Yes I did get my parts from madisound, so far Ive cut and sanded everything
When I free aired everything, it sounded pretty good. The only complaint that I have is that the terminals that are on everything are really weak and have already broken one. Nothing soulder wont fix
Do you mean the terminals on the drivers. If so I always soldered mine w/ silver solder. If you mean the speaker binding posts, then you can always upgrade to nicer ones. When the weather breaks plus keep the photos comin'.
I mean the terminals on just about everything, they used the push on clip terminals on everything and one broke on the input on the crossover, and sounds like a deal on the photos:T
I have only soldered my internal wiring to the nubs on the drivers and also solder directly to x-over and directly to binding post, so I have never use the clips and have no experience w/ them. I wanted a solid connection where vibration would never be an issue so I only use silver solder.
I am almost done with the builds, just need to fix the grills and glue the ports in, tested one of them out and it sounds really good:T I would recommend these for the price!
I see you built 4 speakers and subs. Are you using for them in a HT set-up, and is there a 5th for a center channel?
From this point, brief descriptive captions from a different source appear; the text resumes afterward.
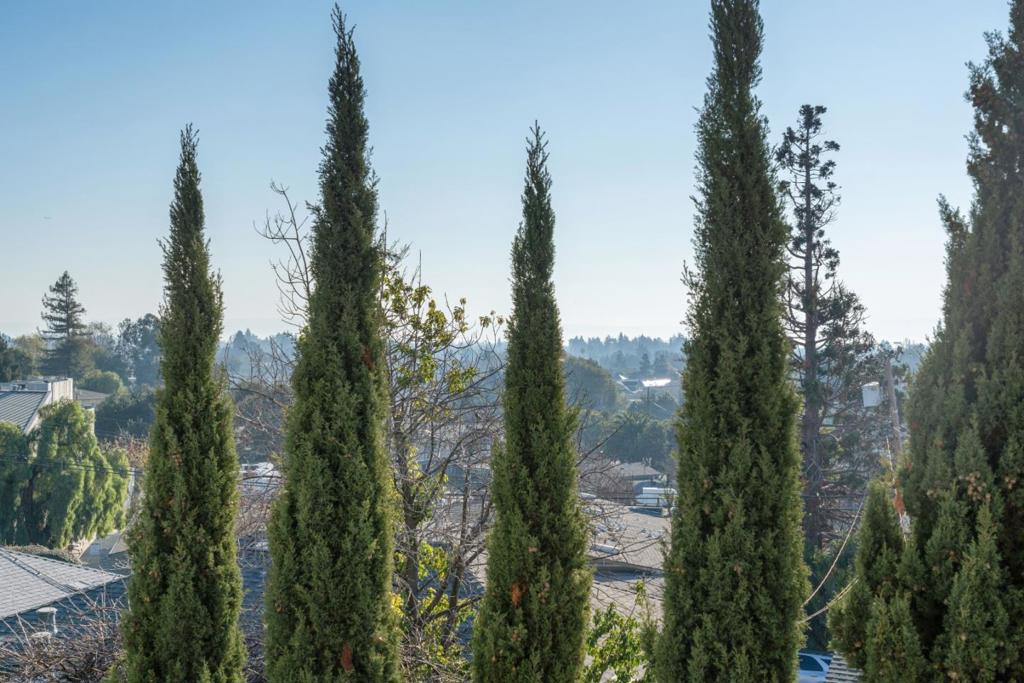 MLS #ML82031351 image #60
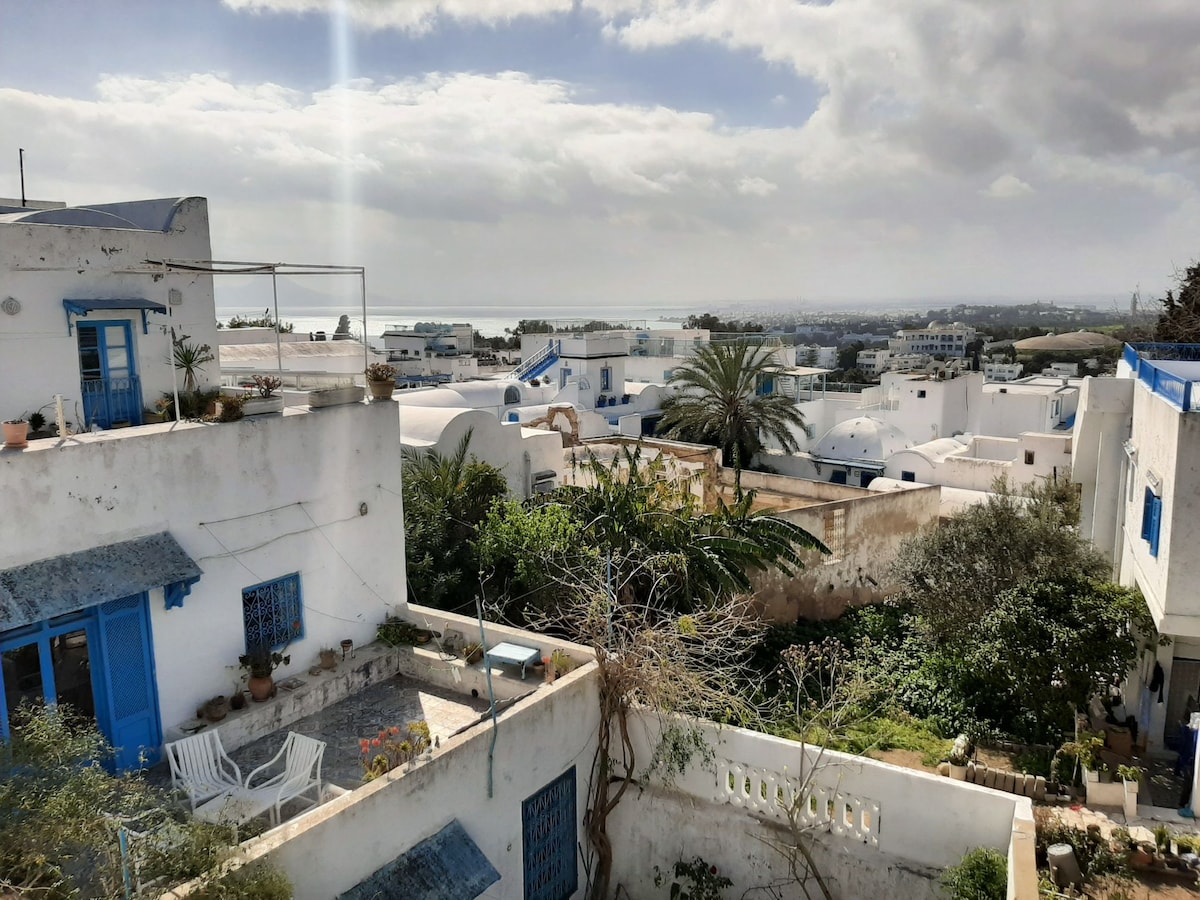 A vibrant view overlooking the village, featuring white buildings with blue accents framed by lush greenery. Palm trees and a garden space are visible, enhancing the scene with natural elements. The distant coastline can be seen under a cloudy sky.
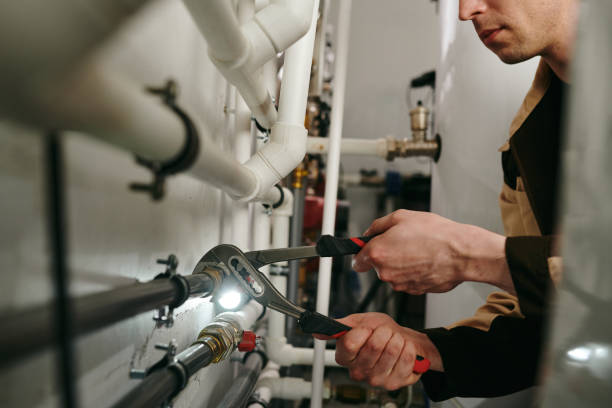 Best Clogged Drain Plumber  in Inkster, MI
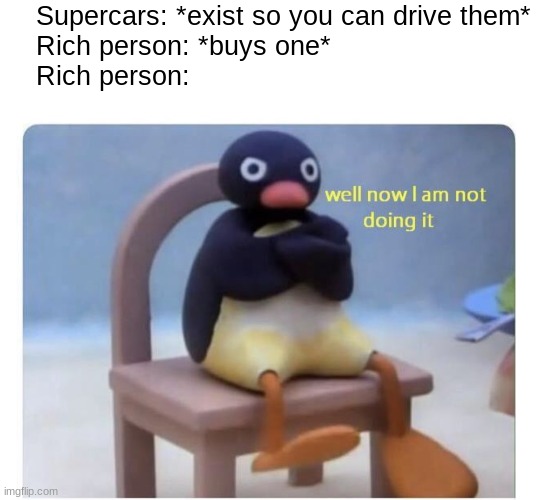 WHY BUY A CAR THAT YOU WILL NEVER DRIVE | Supercars: *exist so you can drive them*
Rich person: *buys one*
Rich person: | image tagged in well now i am not doing it,rich people,stupid people,cars,drivers | made w/ Imgflip meme maker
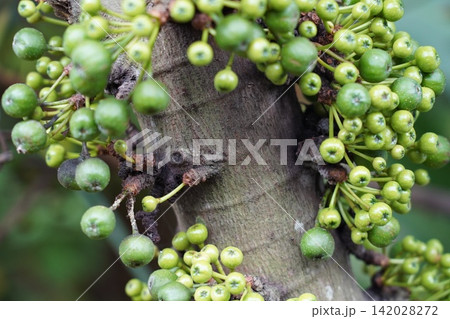 Unripe Green Figs Clustered on Tree Trunk Unripe Green Figs Clustered on Tree Trunk 142028272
It is unusual that you ported them on the top with the tweeter to the right instead of mirror images, or the port in the rear w/ centered tweeters. What is your reasoning for your design?
Looking forward to reading about you impressions of their sound when you have them set-up in place.
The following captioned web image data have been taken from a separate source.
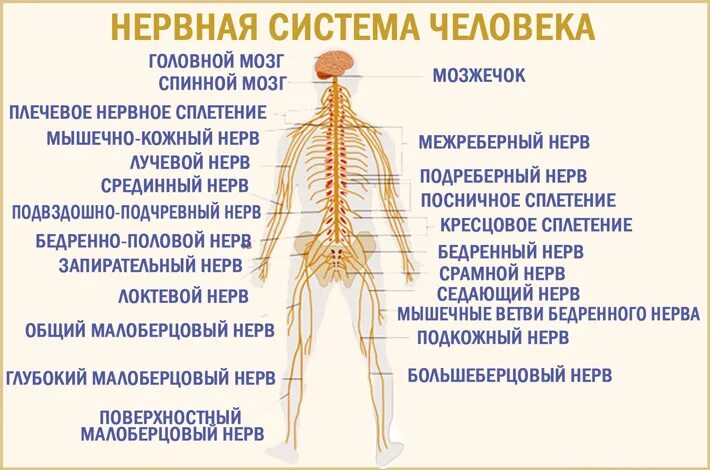 После нервов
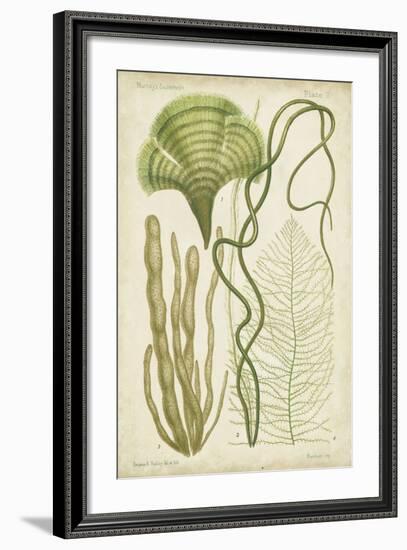 Seaweed Specimen in Green II-Vision Studio-Framed Art Print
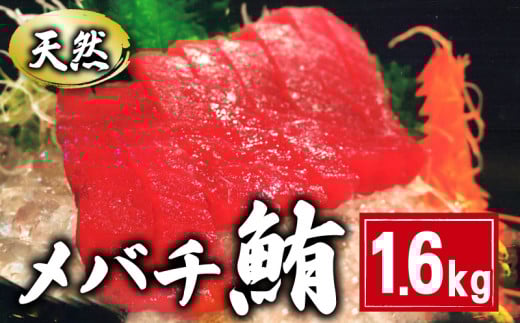 VR o`܂ؐg 1.6kg 160×10pbN ܂  hg Ԑg  }O lMg }OЂ CN  i SΘ 芪i  CN  ܂  Ⓚ   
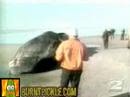Dead Whale + Dynamite = Bad Idea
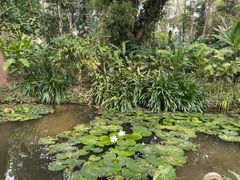 -中国科学院西双版纳热带植物园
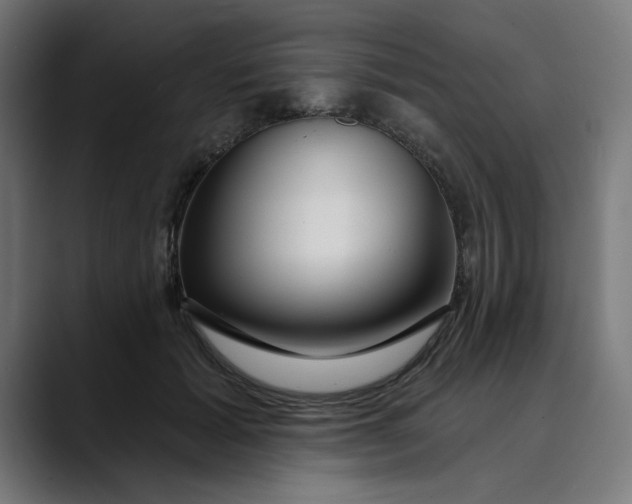 X0000089700605200707121355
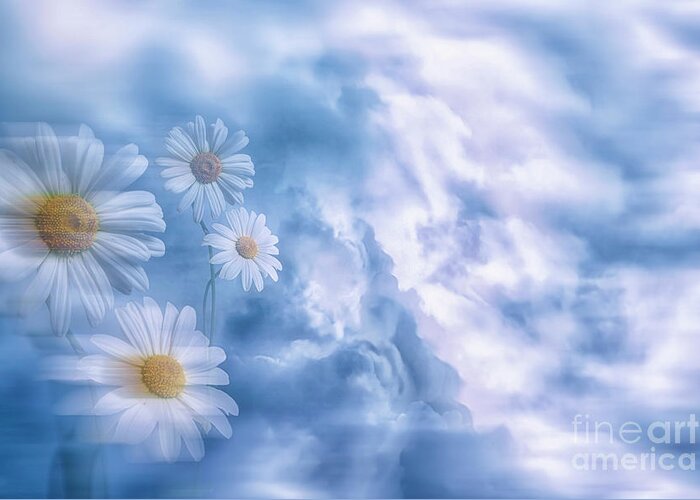 Abstract Greeting Card featuring the photograph Daisies #1 by Veikko Suikkanen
well I am not building a 5th channel because my grandfather has no place to put it, he is going to ty to hide the speakers in thr room. Well I got the dimensions off of madisound, and with the dimensions the only place the port could fit was on top. As for the tweeter being off towards the right I just felt it would be safer to put it off towards the right when I was cutting the wood. Why is this going to affect the preformance of the speaker since its off towards the right?:huh:
Today and tomorrow I am going to be putting the ports in
Interesting.
I just looked at the Fountek kit with cabinet from Madisound and don't see that it has a port. https://www.madisound.com/store/product_info.php?products_id=8502
Yet the parts-only kit does include a port. https://www.madisound.com/store/product_info.php?products_id=8503
I'm wondering if the cabinet dimensions they included is for the sealed cabinet version and not the ported version. I would contact them, and if you have the dimensions for a sealed cabinet, you may be able to remove the port and cut a plug to glue into the hole. If it is their mistake, you can paint the top, sides, and bottom black to cover the patch and leave the front stained for a nice 2 toned look.
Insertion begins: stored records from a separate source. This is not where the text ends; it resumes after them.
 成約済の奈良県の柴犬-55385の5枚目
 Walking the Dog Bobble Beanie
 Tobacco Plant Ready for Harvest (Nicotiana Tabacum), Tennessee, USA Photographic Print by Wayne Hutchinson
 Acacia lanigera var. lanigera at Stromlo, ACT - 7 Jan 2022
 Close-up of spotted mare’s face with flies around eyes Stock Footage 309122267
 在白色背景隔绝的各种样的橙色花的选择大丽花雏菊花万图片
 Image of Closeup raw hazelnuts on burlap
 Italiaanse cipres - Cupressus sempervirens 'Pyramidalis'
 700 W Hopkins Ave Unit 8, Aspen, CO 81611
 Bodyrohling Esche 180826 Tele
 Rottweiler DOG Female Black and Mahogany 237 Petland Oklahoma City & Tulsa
That is very interesting, either way from what I have listened to they sound really great so far!
But I will check into that, thanks for pointing that out!:T
I'm glad they sound great. I think they may be one of the best budget speakers for a HT or office system. Let us know what Madisound says about the cabinet size for the too long ports, and how your grandfather likes them in his system.
Interesting design with the top port. Will your grandfather be using these for 5.1 material and just leaving the centre out, or is it mainly stereo listening he'll be doing? I'm just concerned that you'll be left with a big hole in the front soundstage without one, if the subject material/processor settings think there is one. I think lots of receivers still have a "phantom" centre mode, which may help if you can't find a way to work something in, even an in-wall or something, just to have the sound covered.
its gonna be a bit harder to hear speech/hear dialogue in video games when theres no center. it is the channel that does 70% of the work. 25% surrounds, 5% sub, (unless your surrounds are horrible)
Well if it's only for casual gaming and things for the kids, you could always either use "phantom" mode I mentioned above, or even 4-ch stereo which should suitably impress the little fellas when they're blowing things up.
I've found that a phantom center works really well. Not as good as a real center but good none the less. I'm certain the kids will never know the difference.